When choosing an opening system, it’s important to pick something that is within your skill set, suits your style, and makes you feel excited whenever it appears on the board. You can pick an all-gambit repertoire (it might not be completely sound, but it sure will be fun!), you can go with super-sharp mainstream theory (Sicilian Najdorf – 1.e4 c5 2.Nf3 d6 3.d4 cxd4 4.Nxd4 Nf6 5.Nc3 a6), you can create a repertoire made up of non-mainstream systems (Vienna Game – 1.e4 e5 2.Nc3, Larsen’s Opening – 1.b3, etc.), you can pick dependable positional setups (the Black side of the QGD, Tartakower Variation – 1.d4 d5 2.c4 e6 3.Nc3 Nf6 4.Bg5 Be7 5.e3 0-0 6.Nf3 h6 7.Bh4 b6), or you can take a ride on the latest winds of fashion.

When I was an active player, I mixed fashion, heavy theory, and some odd lines too. In the end, though, it was all about the positions that I found interesting. From the age of 14 onwards, I had messed around with all sorts of lines vs. 1.d4: the Modern Benoni (1.d4 Nf6 2.c4 c5 3.d5 e6 4.Nc3 exd5 5.cxd5 d6 – exciting, but it was too complicated for me at that time), the Czech Benoni (1.d4 Nf6 2.c4 c5 3.d5 e5 4.Nc3 d6 5.e4 Be7 – I fell in love with it since it was easy to understand and it had a very sound foundation) and eventually (when I was around 18) I found myself playing the Nimzo-Indian (1.d4 Nf6 2.c4 e6 3.Nc3 Bb4 – a wonderful opening that is both sound and strategically exciting).

At that time, 1.d4 Nf6 2.c4 e6 3.Nc3 Bb4 4.e3 was extremely popular (it still is), and I decided to go with Spassky’s favorite setup:

What’s not to like? Black has easy development, plenty of space, and active pieces. Though this is a very sound system, as time went by and my style changed I began to appreciate White’s plusses too: two bishops and a central pawn majority. And so, I searched for an alternative.

During that period, I decided to play over all the games from the 1972 Fischer–Spassky World Championship Match (the third time I had gone through the whole match), and while doing this, I hit game five:

Bobby_Fischer_1960_in_Leipzig.jpg
Bobby Fischer | Image Wikipedia

Wow!

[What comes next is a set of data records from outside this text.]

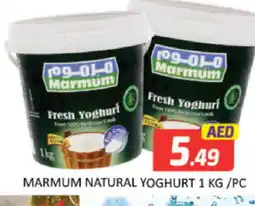 Mango Hypermarket LLC MARMUM Yoghurt offer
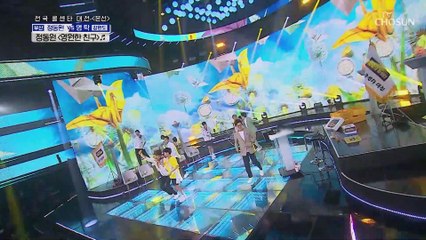✦100점✧ 삼촌 잡는 정동원 ‘영원한 친구’♫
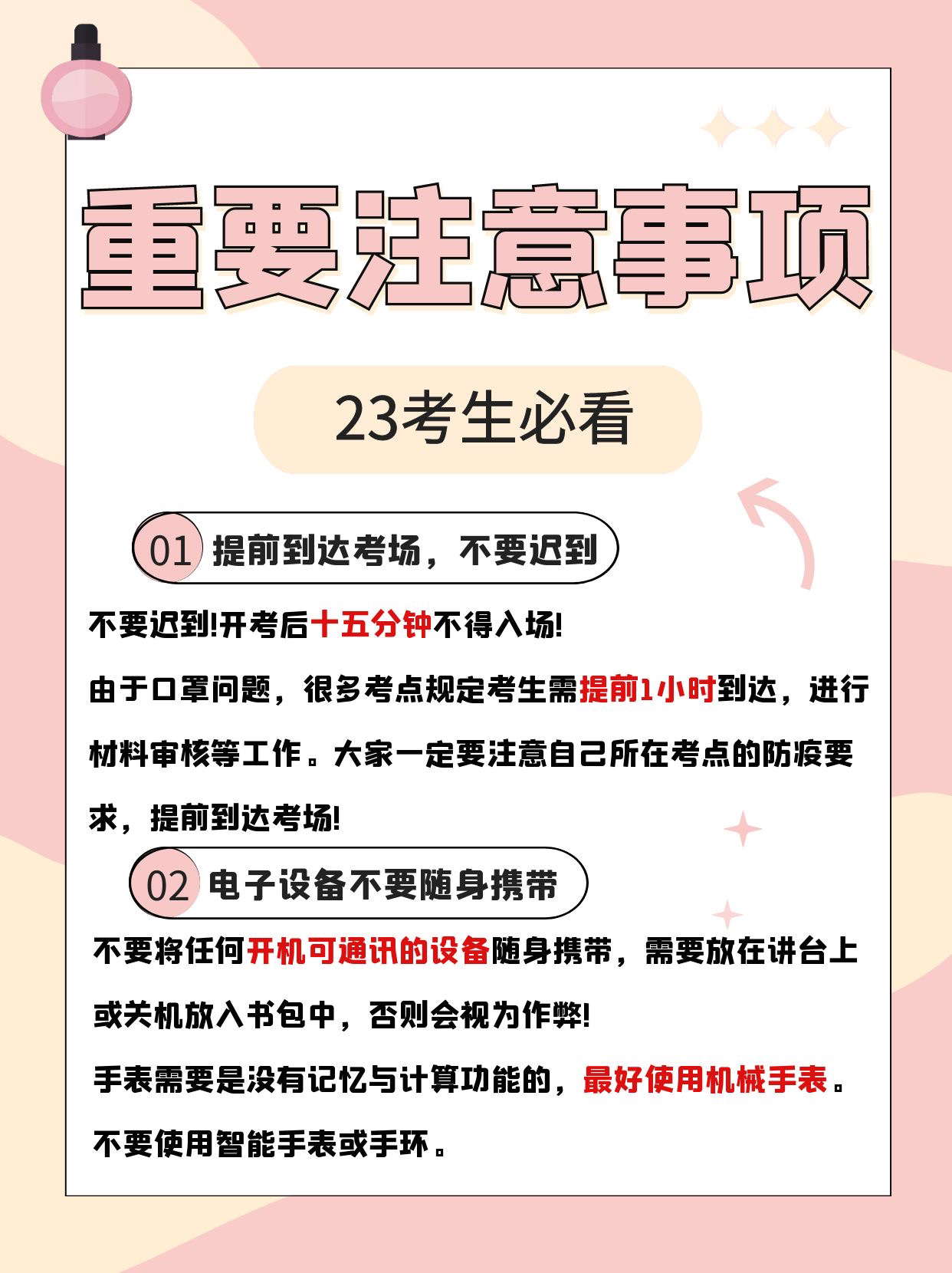 2.阴脣穿孔穿法视频浜详细教程，步骤解析，注意事项，新手必看指南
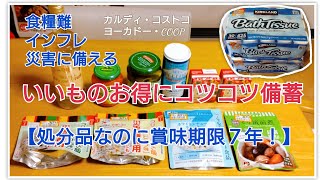 体にいいものお得に備蓄【処分品なのに賞味期限７年！】冷蔵庫の中もチラ見せ※Stockpile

I stopped in my tracks, reset the pieces, and then analyzed it in detail. When I first saw this game (in the newspaper, right after it was played), I lacked a good positional eye and wasn’t quite sure about the overall pawn structure that occurred after the 12th and 13th moves. The second time I saw the game I was into open structures and had no interest in actually playing this kind of closed position.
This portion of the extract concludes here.